The interference module 310 interferes with a display of the projected image 125 in response to the determination module 305 determining that the projector 110 is not authorized to project the projected image 125 on the projected surface. In one embodiment, the interference module 310 alters the display of at least a portion of the projected image 125. The interference module 310 may alter the display of the portion of the projected image 125 by facilitating projection of a second projected image 210 over at least a portion of the display of the projected image 125 to interfere with the display of the projected image 125.

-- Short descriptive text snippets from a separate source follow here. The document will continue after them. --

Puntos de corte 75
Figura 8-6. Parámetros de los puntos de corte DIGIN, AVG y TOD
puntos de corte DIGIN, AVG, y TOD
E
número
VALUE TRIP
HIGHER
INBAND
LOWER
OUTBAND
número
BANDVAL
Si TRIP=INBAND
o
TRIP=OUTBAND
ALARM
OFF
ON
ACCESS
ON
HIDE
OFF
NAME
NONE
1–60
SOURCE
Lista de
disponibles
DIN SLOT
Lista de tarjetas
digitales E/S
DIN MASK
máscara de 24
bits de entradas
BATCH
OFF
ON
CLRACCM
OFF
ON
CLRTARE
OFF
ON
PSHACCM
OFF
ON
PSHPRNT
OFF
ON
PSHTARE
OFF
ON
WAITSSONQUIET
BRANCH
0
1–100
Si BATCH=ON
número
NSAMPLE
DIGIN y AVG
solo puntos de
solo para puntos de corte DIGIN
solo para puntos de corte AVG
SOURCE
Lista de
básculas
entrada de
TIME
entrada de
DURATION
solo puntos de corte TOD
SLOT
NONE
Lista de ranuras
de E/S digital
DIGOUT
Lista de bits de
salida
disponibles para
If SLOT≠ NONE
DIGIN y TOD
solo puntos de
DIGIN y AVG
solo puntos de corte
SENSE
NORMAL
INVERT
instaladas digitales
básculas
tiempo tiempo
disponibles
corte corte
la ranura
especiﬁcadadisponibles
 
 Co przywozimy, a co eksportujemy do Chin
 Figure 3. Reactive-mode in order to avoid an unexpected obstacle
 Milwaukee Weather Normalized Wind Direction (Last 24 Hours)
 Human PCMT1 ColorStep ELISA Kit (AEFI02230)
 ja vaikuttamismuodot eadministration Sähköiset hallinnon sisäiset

The interference module 310 may, in certain embodiments, alter the projected image 125 by altering the projection surface 120 itself as described below. For example, the interference module 310 may signal a mechanism to mechanically alter the projection surface 120 to disrupt the display of the projected image 125.

In one embodiment, the interference module 310 stops interfering with the display of the projected image 125 in response to the determination module 305 determining that the projector 110 is authorized to project the projected image 125 on the projected surface. If the determination module 305, at some future time, determines that the projector 110 is authorized, the determination module 305 may signal the interference module 310 to discontinue interfering with the projected image 125.

In some embodiments, the interference module 310 discontinues interfering in response to the sensor module 300 failing to detect a projected image 125. In one embodiment, the interference module 310 discontinues interfering after a predetermined time period.

FIG. 4 illustrates a detailed embodiment of the projection management apparatus 135 and the authorization apparatus 155 depicted in FIG. 1 and FIG. 2. The description of the apparatus 135 and the apparatus 155 refers to elements of FIGS. 1-3, like numbers referring to like elements. The apparatus 135 includes the sensor module 300, the determination module 305, and the communication module 410, which are similar to the like-named modules described in relation to FIG. 3. In addition, the determination module 305 further includes a pattern recognition module 400 and an identifier module 405 and the interference module 310 further includes a projection module 415, a scanner module 420, a color determination module 425, an additive color determination module 430, and a surface alteration module 435. In addition, the authorization apparatus 155 includes a projector communication module 440 and a pattern generation module 445.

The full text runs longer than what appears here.